- **RECORDED DATA**:
************
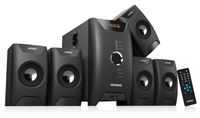 iSonic 5.1 Channel Sound System, Black - iS 470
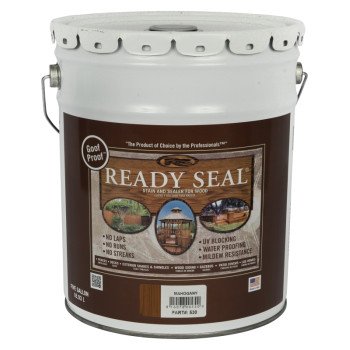 Ready Seal 530 Stain and Sealer, Mahogany, 5 gal, Pail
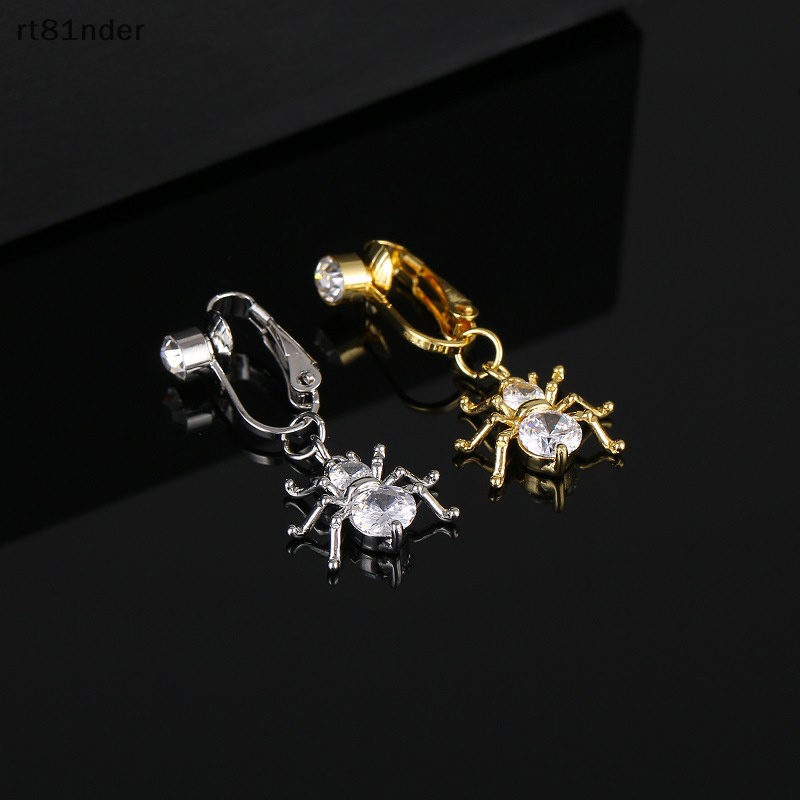 Rt Khuyên Rốn Đính Đá Zircon Giả Hình Nhện Không Cần Đục Lỗ Bằng Đồng Gợi Cảm Cho Nữ n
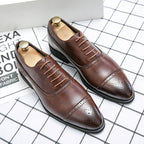 Men’s Business Casual Leather Shoes: Comfortable Everyday Style - Sixin1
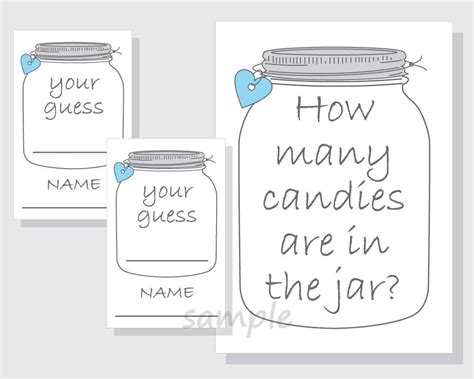 Guessing Jar Printable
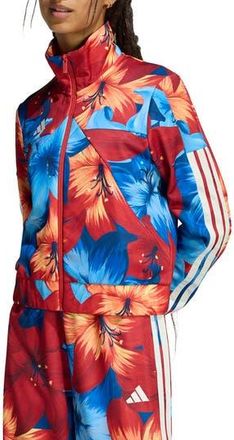 adidas x Farm Rio Track Jacket in Light Blue/Red/Cream White at Nordstrom Rack, Size X-Small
************
- **WHAT THE TASK ASKS**: With the pictures removed, please retype each record exactly.

- **RESULT OF THE EXERCISE**:
 iSonic 5.1 Channel Sound System, Black - iS 470
 Ready Seal 530 Stain and Sealer, Mahogany, 5 gal, Pail
 Rt Khuyên Rốn Đính Đá Zircon Giả Hình Nhện Không Cần Đục Lỗ Bằng Đồng Gợi Cảm Cho Nữ n
 Men’s Business Casual Leather Shoes: Comfortable Everyday Style - Sixin1
 Guessing Jar Printable
 adidas x Farm Rio Track Jacket in Light Blue/Red/Cream White at Nordstrom Rack, Size X-Small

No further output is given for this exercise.